» WORK REQUIRED
Set down only these lines, exactly: the line containing "LADIES SOLITAIRE EARRINGS" and all lines through the end of the data below. Omit pictures.

Start of SOURCE MATERIAL

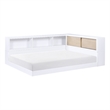 Lexicon Asker Wood Full Bookcase Corner Bed in 2-Tone Finish (White and Natural)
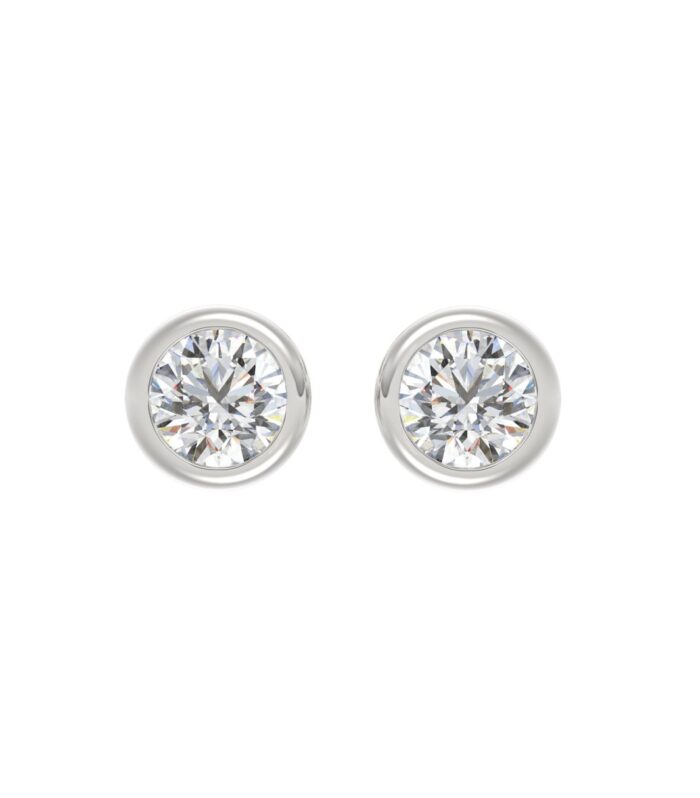 LADIES SOLITAIRE EARRINGS 3CT ROUND DIAMOND 14K WHITE GOLD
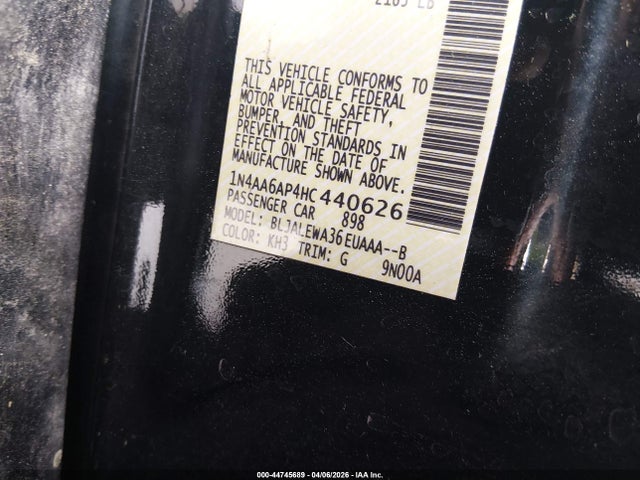 44745689 :رقم المزاد ، 1N4AA6AP4HC440626 vin ، 2017 Nissan Maxima 3.5 Sl مزاد بيع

End of SOURCE MATERIAL

» OUTPUT BELOW
 LADIES SOLITAIRE EARRINGS 3CT ROUND DIAMOND 14K WHITE GOLD
 44745689 :رقم المزاد ، 1N4AA6AP4HC440626 vin ، 2017 Nissan Maxima 3.5 Sl مزاد بيع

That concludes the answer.